Salò o le 120 giornate di Sodoma
(Articolo apparso nel numero 36, autunno ’99, del trimestrale “La Linea dell’Occhio”, sulla rubrica Il film più seduttivo)
Definitivamente spacciata quella fatale confusione, che mescola “seduttivo” con “rassicurante”, non resta davvero che riabbracciare l’etimo (se-ducere), cogliere l’esatto opposto di un vellicare, di un blandire, e quindi riconoscere in Salò o le 120 giornate di Sodoma (1975) di Pier Paolo Pasolini l’atto, secondo me, terminale ed estremo della cinematografia.
Se si eccettua L’Arroseur arrosé (1895) dei fratelli Lumière, solo la parodia splendida e geniale del cinema fatta da Carmelo Bene in Nostra Signora dei Turchi (1968), in Capricci (1969), in Don Giovanni (1971), in Salomé (1972) e in Un Amleto di meno (1973), poté tentare ancora, senza Volontà e senza Rappresentazione, di rendere paradossalmente robusta la pellicola, ossia il materiale più fragile per un’arte, più fragile di un’ala di una farfalla, come disse lo stesso Pasolini: Salò o le 120 giornate di Sodoma ha saputo almeno restituire al mezzo cinematografico la sua originale decrepitezza, liquidando finalmente la smania d’intrattenimento, di consolazione di troppi, di quasi tutti i film.
Dopo la Abiura dalla “Trilogia della Vita” (giugno 1975), l’ultima opera di Pasolini illustra il passaggio dall’illusione della sessualità liberalizzata alla mercificazione del prodotto sessuale.

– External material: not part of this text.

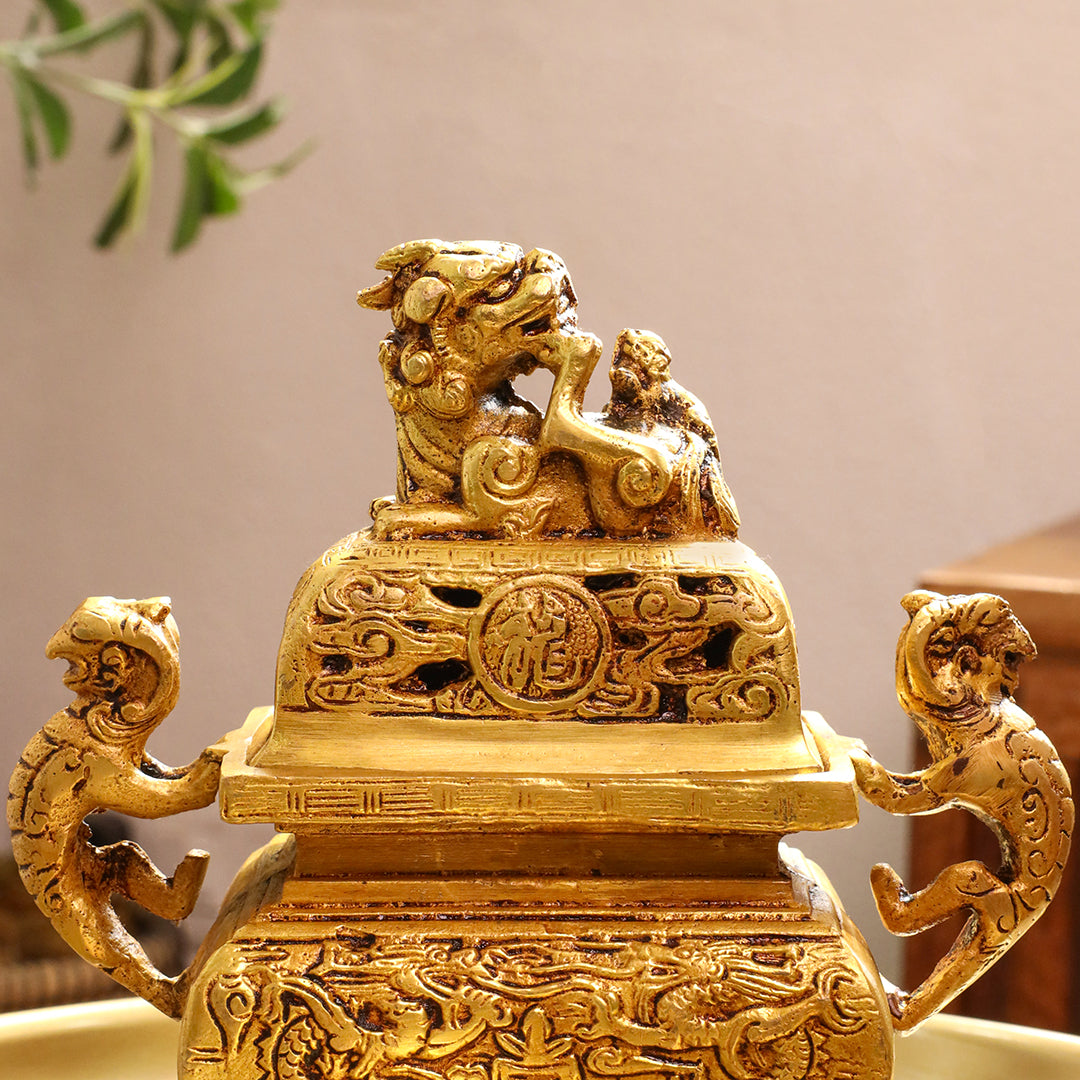 Brass Yali/Dragon Dhoop Dani & Incense Holder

I protagonisti di Salò simboleggiano lo sfruttamento del regime, l’anarchia degli unici depositari del verbo del potere; la differenza con lo stato democratico sta nella loro prevaricazione annunciata: «Deboli creature incatenate, destinate al nostro piacere, spero non vi siate illuse di trovare qui la ridicola libertà concessa dal mondo esterno. Siete fuori dai confini di ogni legalità, nessuno sulla terra sa che voi siete qui. Per tutto quanto riguarda il mondo, voi siete già morti!»[1].

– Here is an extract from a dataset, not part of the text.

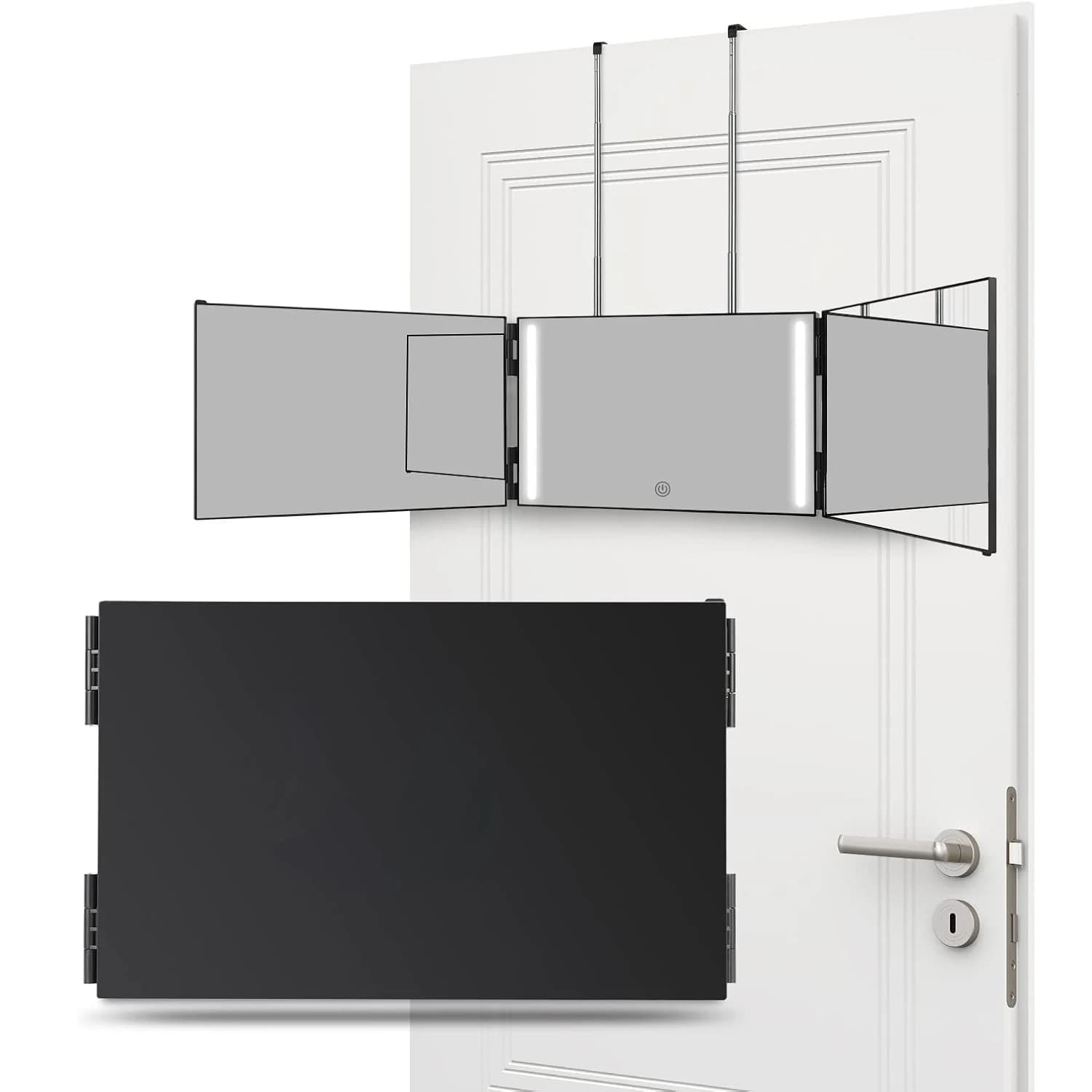 adjustable LED trifold haircut mirror — image 5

Il baccanale fascista dei gerarchi in Salò è solo una dimostrazione menefreghista, non ha obiettivi teleologici, vive in se stesso secondo il motto “Tutto è buono quand’è eccessivo!”; in parallelo, nei contemporanei riti dionisiaci si rinvia il desiderio della conoscenza dei corpi, chi ci guida o è troppo represso, o è troppo geloso del suo dominio, da ciò ne conseguono l’indifferenza travestita dai media e la volontà di schiacciare il sesso perché non insegni il pericolo della sua libertà. Vediamo nei libertini di Salò una piccola porzione, forse più sana e autentica, del disastro odierno additato da Pasolini, quel disastro ignorato o taciuto dagli scemi neopositivisti, i quali « Non si accorgono che la liberalizzazione sessuale anziché dare leggerezza e felicità ai giovani e ai ragazzi, li ha resi infelici, chiusi, e di conseguenza stupidamente presuntuosi e aggressivi; ma di ciò addirittura non vogliono occuparsene, perché non gliene importa niente dei giovani e dei ragazzi »[2].

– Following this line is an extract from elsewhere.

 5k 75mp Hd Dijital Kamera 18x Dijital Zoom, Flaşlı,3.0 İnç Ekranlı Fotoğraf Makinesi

Ebbene, in conclusione, per chi all’arte non chiede risposte, ma emozioni, meglio se sconvolgenti, Salò, irrespirabile e mai didascalico, “seduce” per sempre!
© Marco Vignolo Gargini
[1] Il discorso del Duca, pronunciato nel film da Paolo Bonacelli.
[2] Pier Paolo Pasolini, Abiura dalla “Trilogia della Vita”, II, in Trilogia della vita, Mondadori, Milano 1987, p. 10.